This past February, Northern Rock - a bank that at the time accounted for one in five British mortgages, including ours - had to be bailed out by the government because it over-leveraged. The bank's demise left us staring at a whopping 6.8 percent interest rate if we didn't refinance by June. That meant our monthly mortgage payment would increase by more than a third.
Still, in spite of the difficult economic climate, we felt pretty smug about finding a new lender. My husband had just started a new and well-paid job; my freelance writing business was going strong; we had some savings in the U.S. stock market; and we only needed to cover half the value of our house.

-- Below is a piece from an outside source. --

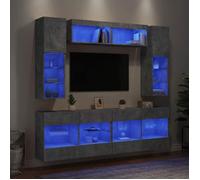 ""NEW 2026"" Armoires TV-HIFI muraux, lot de 6, Meubles TV, Moderne, et lumières LED gris béton 30.5x30x102 cm L7618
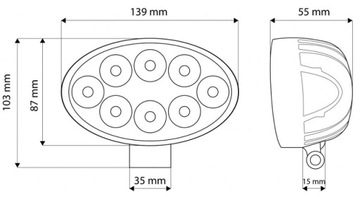 РАБОЧАЯ ЛАМПА 8 LED ОВАЛЬНАЯ ГАЛОГЕННАЯ 12-24В для трактора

Other people might have trouble getting a mortgage, but we wouldn't: we were the paradigm of prudence, with good credit (we never miss a payment) and frugal spending habits.
By the end of April, we still had not found a new mortgage even with the help of our adviser. There was nothing competitive in the marketplace, he said - code for “affordable” - and he urged my husband to look for himself.
One week later, we found ourselves in a meeting with a mortgage broker at one of the world's largest banks. As he thumbed through three months of our bank statements, our U.S. and British tax returns, my husband's employment contract and various other documents attesting to our financial health, we joked around, feeling both wealthy and worthy of his time.
Two hours later, we left his office feeling poor and pessimistic.
“This is tough,” the banker had told us, “but I am not sure you will be approved.” My husband had only been in his new job for a short while, therefore it might not work out; our monthly costs were too high, with three children in private school; our stock holdings in America could go down (but they could also go up, we said) and I was still self-employed.
But the banker's last question was the most disturbing: “How will you pay back this loan if you had to?”
“How does anyone pay back a house loan?” I said. “We would sell it and downsize.” The banker looked at us, said nothing, and jotted something down. Later, we learned from a friend in real estate the true thrust of the question: “He wants to know how you would repay in a negative equity situation” - in other words, if the value of the house fell below the value of the mortgage loan.